Exercise inputs:
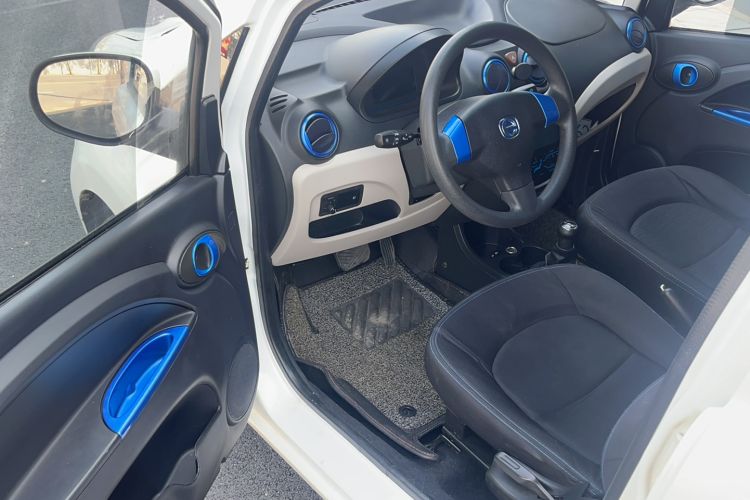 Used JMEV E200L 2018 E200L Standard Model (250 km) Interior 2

* * *

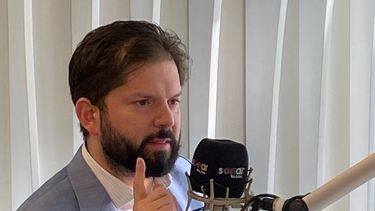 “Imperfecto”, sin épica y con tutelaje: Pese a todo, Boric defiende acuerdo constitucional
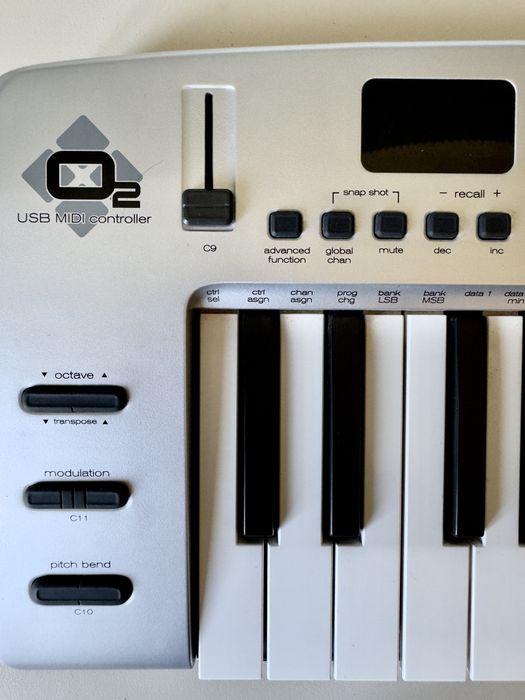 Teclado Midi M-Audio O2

==

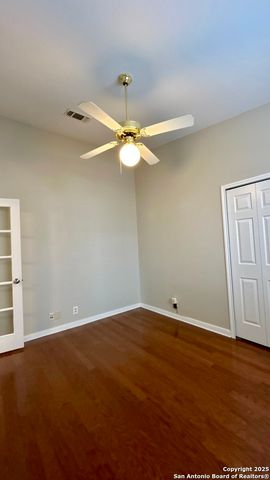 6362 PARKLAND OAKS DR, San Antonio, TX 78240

Task objective:
Reproduce the lines above beginning at the line that contains "defiende acuerdo constitucional" and ending at the line that contains "Teclado Midi M-Audio O2". No pictures.

Solution to the problem:
 “Imperfecto”, sin épica y con tutelaje: Pese a todo, Boric defiende acuerdo constitucional
 Teclado Midi M-Audio O2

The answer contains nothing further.